By B.L. Wilson
George Washington University student-athletes have selected Milken Institute School of Public Health professor Elizabeth Gray as their choice for university professor of the year.
Gray, a teaching assistant professor of health policy and management and the undergraduate Public Health Program director at the Milken Institute SPH, received the recognition from GW’s student-athletes last Wednesday at halftime of the GW-George Mason University women’s basketball game at the Smith Center.
“My first and last varsity letter,” said Gray, who received the letter along with a plaque recognizing her as the 2021 Choice for Professor of the Year. “I was thrilled, very pleased and delighted. I was not a student-athlete and am the least coordinated person to exist.”
Gray, J.D. ’10, M.H.A. ’15, also earned a graduate certificate in healthcare corporate compliance in 2013 from College of Professional Studies.
She was joined during the presentation by GW President Mark S. Wrighton, Provost Christopher Alan Bracey, Athletics Director Tanya Vogel and Faculty Athletics Representative Beverly Westerman. The night was a celebration of the academic achievement of nearly 400 GW student-athletes who have earned a GPA of 3.0 or higher, including 21 student athletes who earned a 4.0 in the spring 2021 semester and 22 who did so in fall 2021.
“A lot of student-athletes are in our [public health] program,” Gray said. “They are some of the hardest working students, managing many things all at once and very exceptional, as all of our students are exceptional.”
Students in all sports are asked each year to submit nominations for the award, which goes to the professor who makes the greatest contribution to the academic success of GW’s student-athletes. Once nominations are closed, the student-athletes vote to get a professor of the year and five finalists.
Gray was escorted to the Smith Center floor by Sarah Patton from the Women’s Soccer team, a first-year student in Gray’s First-Year Experience in Public Health class.
“She definitely deserved [the honor],” said Patton, who nominated Gray for the award. “She was very lively and engaging with the class. She also had a good sense of humor.”
Patton, who plans to major in nutrition and public health, said Gray emphasized how helping the community and global health can be “inspiring,” the “many different career paths the major offers and advises students “majoring in public health to make it your own,” whether health policy, health law or nutrition.

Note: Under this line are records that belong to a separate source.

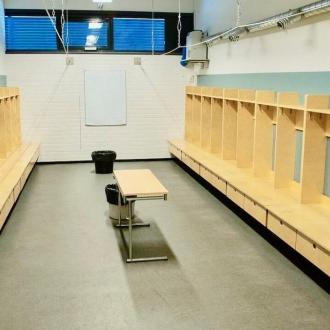 Imatra Base Camp | Фото 12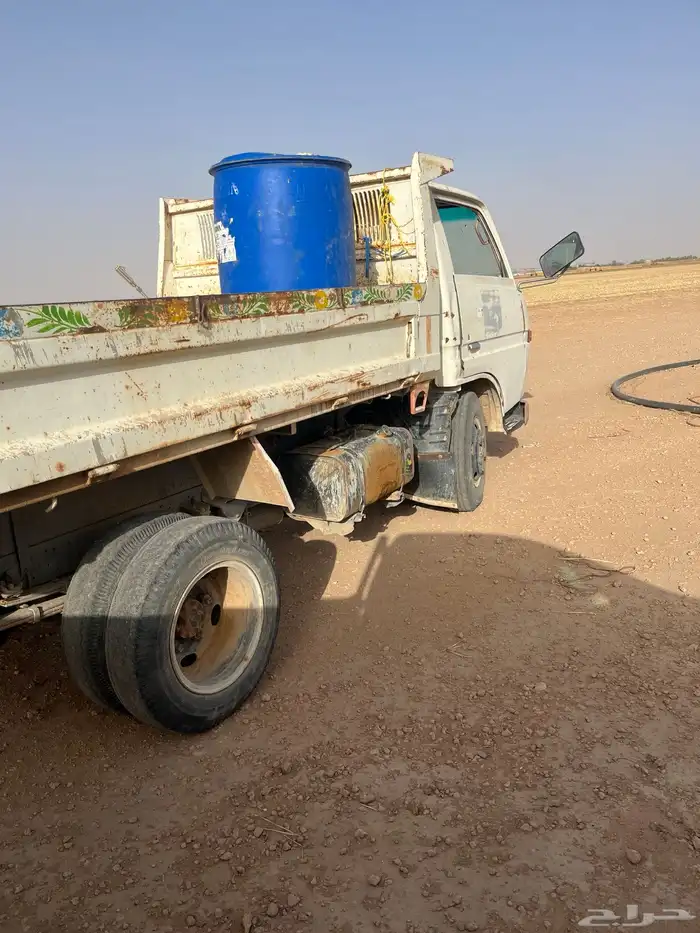 دنه قلاب بنزين تايوتا 83 2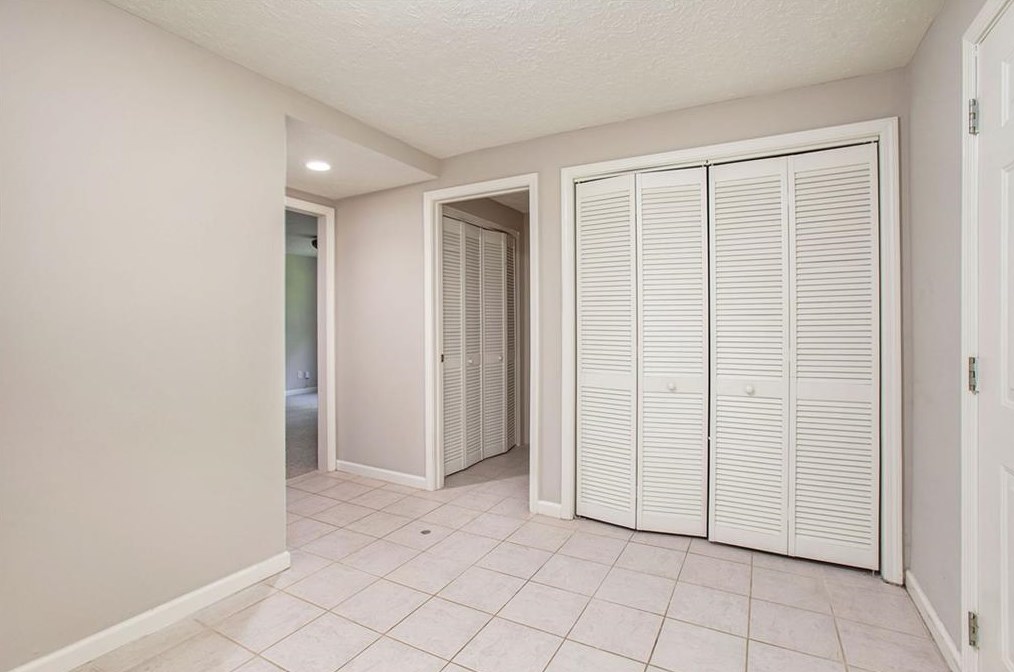 75 Whispering Way, Dallas GA  30157-5458 exterior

For a first-year student who found college generally intimidating, Patton said Gray provided information about different resources and tools available to students and brought in guest speakers from the study abroad office, and career and academic centers.

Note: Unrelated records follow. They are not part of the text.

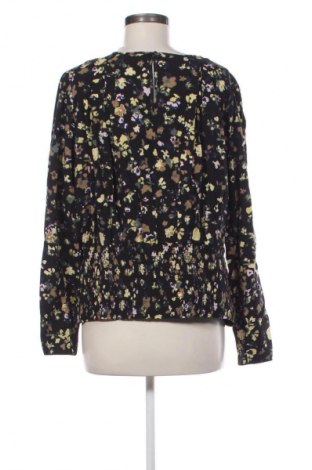 Dámska blúza S.Oliver, Veľkosť XL, Farba Viacfarebná, Cena  37,95 €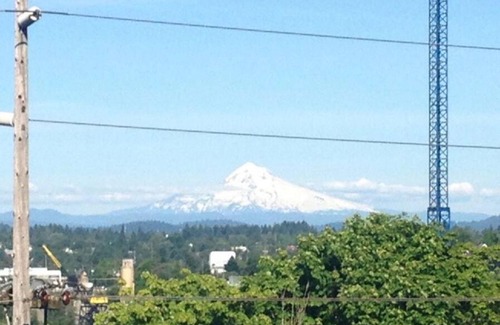 Corbett - Terwilliger - Lair Hill Maison | Super Large Centrally located house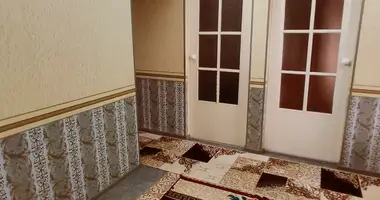 Квартира 4 комнаты в Бухара, Узбекистан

Another student in the same class, Michelle Ojo, a member of the women’s basketball team, also took Gray’s Introduction to Public Health and Health Services. “It’s nice to have a professor that challenges you to grow and learn academically and personally,” she said.
On the first day of class, Ojo said, Gray told them that they were “the future of public health” and drove the point home by “allotting time during class for students to write down questions and critiques that she would address to give them a better understanding of the opportunities and services available to us.”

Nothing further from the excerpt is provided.